Architects and interior designers should be creating workplaces that nudge people into having healthy behaviour, says Dr Michael O'Neill, an expert on the relationship between office design and worker performance who leads Haworth's Global Workplace Research department.
O'Neill was joined at the talk by his co-writer Rex Miller, a futurist, author and consultant. In a conversation moderated by Dezeen's US editor Dan Howarth, the pair explained the findings of the research presented in their book The Healthy Workplace Nudge.
The book builds on the previous work of behavioural economist Richard Taylor, who states that policies and programmes could be designed to nudge people towards decisions that benefit themselves.
"The idea of the nudge is very simple," O'Neill explained. "A nudge simply makes it easy for you to make the choice that's in your best interests. It's about making the right choice easy to make."
Miller argued that workplace design should remove barriers to healthy decisions, while making unhealthy decisions more difficult. "80 per cent of the time we're on a path of least resistance – default mode," he said. "So make the healthy choice the default choice."
The pair offered examples of potential design nudges that could be employed, including placing water coolers further away from peoples' desks to encourage more physical activity, reducing the size of plates in office kitchens to promote portion control, and creating digital-free zones where employees can take a break from their screens.
O'Neill argues that rather than focus on workplace wellness programmes, companies should build spaces that minimise stress and prevent health problems from arising in the first place.

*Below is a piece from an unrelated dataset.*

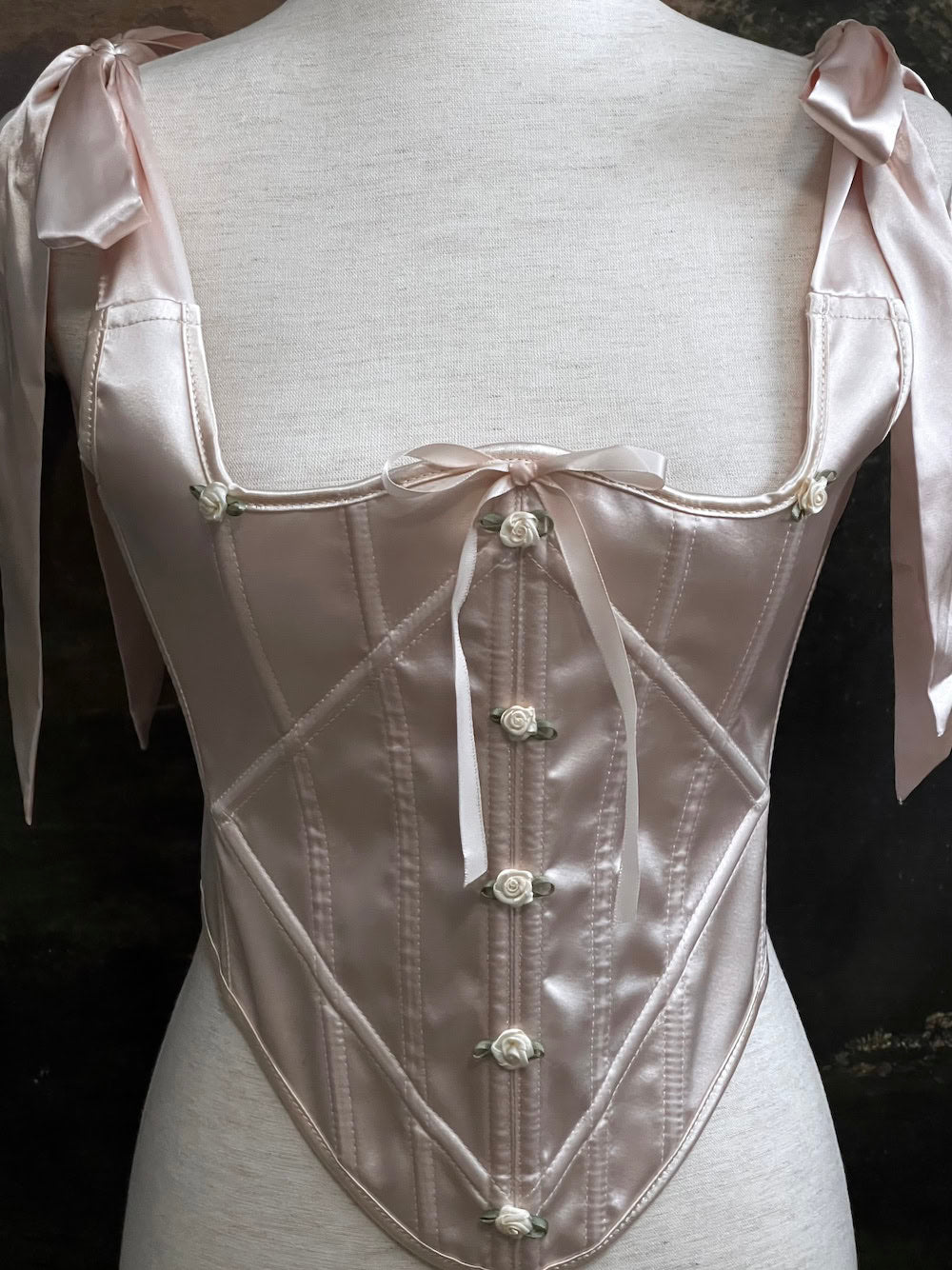 A historical fashion inspired rococo and baroque era champagne satin corset stays with bow straps and rosette applique on a mannequin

"There's a really big difference between wellness and wellbeing," he says. "Wellness programmes are really attempting to fix existing heath problems – things are already broken by the time that they're trying to do something about it."
"We realised that we need to reframe the the problem and think about it in terms of wellbeing instead," he continued. "The idea of wellbeing is to try to change people's behaviours that are leading to these problems with their health, to get to them before they're sick."
The pair believe that companies that employ the recommendations of their research will gain an advantage in the marketplace against their competitors.
"When companies start building spaces using these criteria, they're going to be able to use that to attract and retain staff," explains O'Neill. "People really care about their wellbeing, especially younger generations."